Bonds continue to provide significant diversification benefits for investors, and in most cases offer negative correlation to equities. This reduces portfolio volatility and provides the shock absorber for portfolios in times of economic and equity market stress. These positive characteristics should not be forgotten even though the bond investing environment is more challenging looking forward.

 

Jim McKay is Director of Advisory Services at Franklin Templeton Investments.

 

3 Comments
Warren Bird
December 01, 2013

Of course you could accept the fact that rising yields produce higher returns and just relax. I've been writing and speaking for 20 years about the misplaced fear of rising bond yields. It's a simple message: fixed interest investing is all about the interest you earn. As yields go up, you get to reinvest income or maturing bonds at those higher yields, which ratchets up your interest earnings. Bond price volatility is just that - volatility. I'll write a longer response in the new Caveat Emptor section later this week.

Dr NRL
December 03, 2013

"Lower long term rates make companies more willing to borrow to invest and expand their businesses, resulting in economic expansion and increasing employment..."

Interest rates are just one of the factors that govern investment decisions. A company's own debt level, access to funds, and the expected return generated by investment (the spread between the asset return vs debt liability) are major determinants.

Mostly, though, businesses invest when they are swamped with demand for their products, not the reverse.

The quote from your article above describes the trickle-down effect (or supply-side concept) that suggests, in homily fashion, that a rising tide (of investment, but mostly tax breaks for business and high income earners) lifts all boats. However, as reality has so rudely demonstrated, the returns to labour and capital are far from proportional. Trickle-down policies like QE don't work.

QE simply does not work to boost the economy because there isn't a reliable transmission mechanism. Merely trying to reduce rates by an extra 50bps or so while the private sector prefers to 'net save' and deleverage is just madness (but they're trying it anyway ... still).

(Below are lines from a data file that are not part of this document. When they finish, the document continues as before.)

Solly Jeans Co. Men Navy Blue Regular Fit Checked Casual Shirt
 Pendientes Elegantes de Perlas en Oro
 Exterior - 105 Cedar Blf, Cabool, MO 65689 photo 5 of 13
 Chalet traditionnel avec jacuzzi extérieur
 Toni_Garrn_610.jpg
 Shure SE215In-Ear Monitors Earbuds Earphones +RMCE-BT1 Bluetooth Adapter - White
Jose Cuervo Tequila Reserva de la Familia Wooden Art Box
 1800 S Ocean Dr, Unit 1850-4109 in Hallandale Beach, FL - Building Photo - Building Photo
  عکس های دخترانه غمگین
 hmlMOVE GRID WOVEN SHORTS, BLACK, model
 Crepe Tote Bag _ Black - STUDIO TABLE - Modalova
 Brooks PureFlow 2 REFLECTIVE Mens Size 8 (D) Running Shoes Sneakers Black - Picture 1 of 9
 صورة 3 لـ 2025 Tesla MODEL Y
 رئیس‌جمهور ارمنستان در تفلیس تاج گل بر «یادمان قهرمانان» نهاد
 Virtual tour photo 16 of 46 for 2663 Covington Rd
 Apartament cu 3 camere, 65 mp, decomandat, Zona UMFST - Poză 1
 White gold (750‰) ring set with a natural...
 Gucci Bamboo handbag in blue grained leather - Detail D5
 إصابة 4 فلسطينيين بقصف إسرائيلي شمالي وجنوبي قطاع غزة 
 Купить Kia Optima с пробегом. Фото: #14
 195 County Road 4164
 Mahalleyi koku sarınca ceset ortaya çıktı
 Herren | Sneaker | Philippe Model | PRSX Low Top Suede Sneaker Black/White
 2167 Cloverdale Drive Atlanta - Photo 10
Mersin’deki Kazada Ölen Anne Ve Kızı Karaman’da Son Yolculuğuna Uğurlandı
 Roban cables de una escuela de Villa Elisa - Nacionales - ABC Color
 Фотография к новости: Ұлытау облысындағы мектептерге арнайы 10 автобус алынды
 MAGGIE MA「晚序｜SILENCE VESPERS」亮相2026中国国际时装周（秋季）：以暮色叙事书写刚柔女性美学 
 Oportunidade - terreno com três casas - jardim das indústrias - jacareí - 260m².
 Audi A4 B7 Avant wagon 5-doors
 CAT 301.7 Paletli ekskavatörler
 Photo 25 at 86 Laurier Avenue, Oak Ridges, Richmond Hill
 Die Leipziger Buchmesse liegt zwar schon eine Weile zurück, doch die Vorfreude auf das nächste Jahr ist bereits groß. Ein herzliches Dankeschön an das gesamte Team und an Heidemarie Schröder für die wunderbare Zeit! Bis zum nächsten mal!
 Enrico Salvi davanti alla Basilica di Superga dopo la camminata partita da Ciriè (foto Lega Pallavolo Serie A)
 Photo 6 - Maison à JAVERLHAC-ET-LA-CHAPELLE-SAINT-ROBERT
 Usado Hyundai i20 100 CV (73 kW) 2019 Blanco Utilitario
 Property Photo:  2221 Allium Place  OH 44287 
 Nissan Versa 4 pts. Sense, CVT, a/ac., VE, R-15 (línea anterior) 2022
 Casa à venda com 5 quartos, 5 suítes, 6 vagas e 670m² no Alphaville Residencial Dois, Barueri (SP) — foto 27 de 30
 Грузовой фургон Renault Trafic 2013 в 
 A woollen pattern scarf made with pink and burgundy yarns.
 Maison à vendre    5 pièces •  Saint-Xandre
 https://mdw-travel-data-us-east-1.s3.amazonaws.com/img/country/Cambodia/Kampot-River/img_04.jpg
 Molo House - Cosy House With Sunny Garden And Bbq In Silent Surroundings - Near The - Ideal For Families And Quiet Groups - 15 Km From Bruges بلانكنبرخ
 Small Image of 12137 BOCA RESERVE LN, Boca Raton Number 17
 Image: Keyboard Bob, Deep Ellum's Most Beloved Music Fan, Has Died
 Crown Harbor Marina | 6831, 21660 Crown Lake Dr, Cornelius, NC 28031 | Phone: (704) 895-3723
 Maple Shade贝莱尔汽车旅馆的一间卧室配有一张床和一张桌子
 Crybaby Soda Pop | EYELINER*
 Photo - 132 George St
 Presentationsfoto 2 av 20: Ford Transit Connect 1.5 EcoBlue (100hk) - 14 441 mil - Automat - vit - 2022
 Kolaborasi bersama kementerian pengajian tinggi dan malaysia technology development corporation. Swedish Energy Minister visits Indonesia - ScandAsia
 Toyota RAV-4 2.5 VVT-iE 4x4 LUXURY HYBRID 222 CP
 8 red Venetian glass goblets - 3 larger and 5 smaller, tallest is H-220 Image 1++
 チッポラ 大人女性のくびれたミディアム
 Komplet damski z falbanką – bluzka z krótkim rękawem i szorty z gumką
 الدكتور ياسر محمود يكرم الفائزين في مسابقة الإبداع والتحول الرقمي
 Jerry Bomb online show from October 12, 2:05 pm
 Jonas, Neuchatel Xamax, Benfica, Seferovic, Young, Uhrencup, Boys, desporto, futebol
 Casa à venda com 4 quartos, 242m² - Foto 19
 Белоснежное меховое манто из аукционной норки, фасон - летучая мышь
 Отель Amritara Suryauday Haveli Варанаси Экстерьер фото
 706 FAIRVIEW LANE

And the Fed hasn't been 'printing' money as you say. It has been crediting bank reserve accounts with reserves (which aren't 'tinder' for future lending by banks), whilst taking higher income-producing bonds out of the system. It is an asset swap with no net increase in financial assets to the private sector, and which has the added effect of taking (interest) income out of the private sector (which is then remitted to the US treasury by the Fed). You could say that QE is, in fact, more contractionary than expansionary.